Double teams

Published 12:01 am Tuesday, October 4, 2011

Many misconceptions surround coaching boys and girls teams at the high school level. Conventional wisdom holds that a coach can be tough and yell at boys, but that girls are too sensitive and unable to handle such tactics.

Shannon Murray is one of a select few local soccer coaches who runs a

boys and a girls program. He’s quickly learned that conventional wisdom does not always hold true.

Murray reached the pinnacle of high school coaching in the first year at the helm of the Glacier Peak boys soccer program. He led the team to a 3A state championship.
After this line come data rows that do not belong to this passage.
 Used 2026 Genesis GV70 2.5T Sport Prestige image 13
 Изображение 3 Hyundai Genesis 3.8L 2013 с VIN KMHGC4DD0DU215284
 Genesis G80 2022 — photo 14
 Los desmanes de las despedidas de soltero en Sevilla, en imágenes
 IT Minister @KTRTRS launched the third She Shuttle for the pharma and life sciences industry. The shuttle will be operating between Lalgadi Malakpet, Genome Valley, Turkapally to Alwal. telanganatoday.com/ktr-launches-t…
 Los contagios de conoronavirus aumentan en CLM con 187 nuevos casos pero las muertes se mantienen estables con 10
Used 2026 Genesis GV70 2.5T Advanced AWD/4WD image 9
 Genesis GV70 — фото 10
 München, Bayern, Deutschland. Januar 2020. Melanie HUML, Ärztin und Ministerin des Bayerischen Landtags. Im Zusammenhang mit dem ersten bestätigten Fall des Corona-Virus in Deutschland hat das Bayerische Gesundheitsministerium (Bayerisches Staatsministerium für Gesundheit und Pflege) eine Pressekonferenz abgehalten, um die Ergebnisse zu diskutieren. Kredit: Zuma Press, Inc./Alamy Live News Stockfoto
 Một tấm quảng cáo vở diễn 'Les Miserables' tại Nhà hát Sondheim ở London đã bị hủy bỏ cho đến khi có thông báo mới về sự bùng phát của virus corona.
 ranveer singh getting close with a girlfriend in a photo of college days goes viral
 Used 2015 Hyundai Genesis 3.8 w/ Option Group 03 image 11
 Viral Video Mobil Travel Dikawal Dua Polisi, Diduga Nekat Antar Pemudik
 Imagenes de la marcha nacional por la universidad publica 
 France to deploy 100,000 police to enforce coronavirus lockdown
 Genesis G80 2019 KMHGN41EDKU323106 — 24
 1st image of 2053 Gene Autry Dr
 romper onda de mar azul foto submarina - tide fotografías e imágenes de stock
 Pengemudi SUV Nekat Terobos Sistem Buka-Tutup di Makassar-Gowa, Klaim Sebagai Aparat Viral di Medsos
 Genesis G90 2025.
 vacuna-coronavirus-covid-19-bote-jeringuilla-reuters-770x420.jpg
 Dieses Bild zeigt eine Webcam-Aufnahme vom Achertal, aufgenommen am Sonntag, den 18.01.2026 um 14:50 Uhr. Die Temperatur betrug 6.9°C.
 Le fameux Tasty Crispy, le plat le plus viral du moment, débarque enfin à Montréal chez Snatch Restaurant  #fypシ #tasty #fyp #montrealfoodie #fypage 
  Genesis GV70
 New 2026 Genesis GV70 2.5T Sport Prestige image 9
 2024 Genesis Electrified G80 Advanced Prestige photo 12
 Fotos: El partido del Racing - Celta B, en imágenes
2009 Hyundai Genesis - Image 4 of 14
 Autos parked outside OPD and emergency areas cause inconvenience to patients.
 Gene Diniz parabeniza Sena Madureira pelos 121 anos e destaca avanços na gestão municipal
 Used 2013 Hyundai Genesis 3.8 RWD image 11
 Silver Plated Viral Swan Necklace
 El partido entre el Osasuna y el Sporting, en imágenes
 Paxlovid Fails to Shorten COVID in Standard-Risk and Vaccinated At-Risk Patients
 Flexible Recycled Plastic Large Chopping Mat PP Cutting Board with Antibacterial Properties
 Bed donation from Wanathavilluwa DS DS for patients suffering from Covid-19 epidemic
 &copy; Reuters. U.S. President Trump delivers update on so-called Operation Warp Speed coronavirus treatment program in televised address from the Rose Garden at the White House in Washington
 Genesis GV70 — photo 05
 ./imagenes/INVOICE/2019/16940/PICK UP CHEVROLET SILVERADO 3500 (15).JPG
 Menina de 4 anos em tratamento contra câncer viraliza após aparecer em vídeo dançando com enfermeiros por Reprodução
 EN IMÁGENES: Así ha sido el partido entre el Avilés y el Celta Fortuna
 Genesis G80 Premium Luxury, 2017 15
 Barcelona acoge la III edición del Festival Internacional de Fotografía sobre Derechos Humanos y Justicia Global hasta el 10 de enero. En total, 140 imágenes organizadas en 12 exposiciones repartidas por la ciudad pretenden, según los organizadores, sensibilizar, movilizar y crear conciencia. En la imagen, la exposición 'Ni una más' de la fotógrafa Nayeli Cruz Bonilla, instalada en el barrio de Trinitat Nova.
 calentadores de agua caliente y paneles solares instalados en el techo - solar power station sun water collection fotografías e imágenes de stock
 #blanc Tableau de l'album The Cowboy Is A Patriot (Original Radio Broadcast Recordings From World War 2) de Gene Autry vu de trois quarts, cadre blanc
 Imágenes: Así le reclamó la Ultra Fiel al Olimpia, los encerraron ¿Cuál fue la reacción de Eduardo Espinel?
A year later the Grizzlies took third place in the state tournament.

Buoyed by that success over the past two seasons, this summer Murray added the Archbishop Murphy’s girls team, which has finished no worse than third in the 2A state playoffs since 2004, to his already busy schedule and thus has undertaken the unique challenge of guiding two programs from two different schools with players from two different genders.

In the first several weeks he’s noticed plenty of similarities and differences between the boys and the girls, some of which many casual observers wouldn’t expect.

“The girls are tough,” Murray said. “The girls in some ways are tougher than the boys. They are competitive. They battle and they are mentally as strong as well. I think sometimes they don’t get that credit.”

Kyle Veach is learning the same lessons at Stanwood, where for the first time this year, he will be coaching the boys in addition to guiding the Spartans girls team.

“People want to think (boys) are tough and rough and more resilient and that you can yell at them and they’ll take it like men,” Veach said. “Girls are just as resilient and in that area that’s a common myth and misconception that girls are just going to be weaker and you are not going to be able to ride them hard or get after them.”

Coaching two programs is a unique opportunity afforded to soccer coaches that doesn’t exist in a sport like basketball because the boys and girls both play during the winter as opposed to the fall (girls soccer) and spring (boys).

For Murray, a Marysville Pilchuck and University of Washington alum, the desire to coach as much as possible stems from a love of the game that gave him an athletic scholarship at UW as well as a six-year pro career in the American Professional Soccer League. The last five years he played with the Seattle Sounders prior to the team being dissolved to form the current MLS franchise.

Murray was friends with former Murphy coach Eddie Fernandez — one of the groomsmen in his wedding — and on Fernandez’s recommendation he was asked by the Murphy athletic director to take over a thriving girls program.

“I knew (Fernandez) was letting go of the program,” Murray said. “At the time he let go, to be honest, I wasn’t interested. It didn’t work with what I was doing.

“A couple months later they still hadn’t hired and a conversation came back up and here I am. It’s been a great fit. I’ve really enjoyed it.”

Most high school sports coaches have the challenge of balancing a career and dedication to their team. Since coaching at this level is more about love than money, most coaches need what Everett coach Kosta Pitharoulis calls a “real job.”

Pitharoulis, who has coached the Everett high school girls for the past decade and its boys for the past three years, works to pay the bills at Soccer West, a leading soccer retailer. Murray helps run youth soccer programs and Veach is a part time pastor at Stanwood Foursquare Church.

Even though all the coaches agree that the boys and girls are more similar than many people think, there are unique challenges that mean the coaches can’t use the same hammer for both nails.

“The pace of the game, how you speak to them is going to be different,” Veach said. “How you organize the team where you put people, attacking styles and defending styles are much different. The game is much different.”

The girls on the Murphy team, which is undefeated in its first six games under Murray, have already responded well to their new coach pulling double duty.

“Shannon’s been really great,” Murphy midfielder Shelby Koch said. “Practices are really tough and they seem to be getting us a lot better. Even though we don’t do a whole lot (of variety), the drills that we do really play into the games that we go into and that helps us.”

Administrative streamlining is another advantage, but all the coaches agree that double the teams means they can double their impact on the communities they coach in.

“I absolutely love it,” Murray said. “Being able to get involved in the community, my local community both Glacier Peak and with Archbishop Murphy has been a fun little ride.”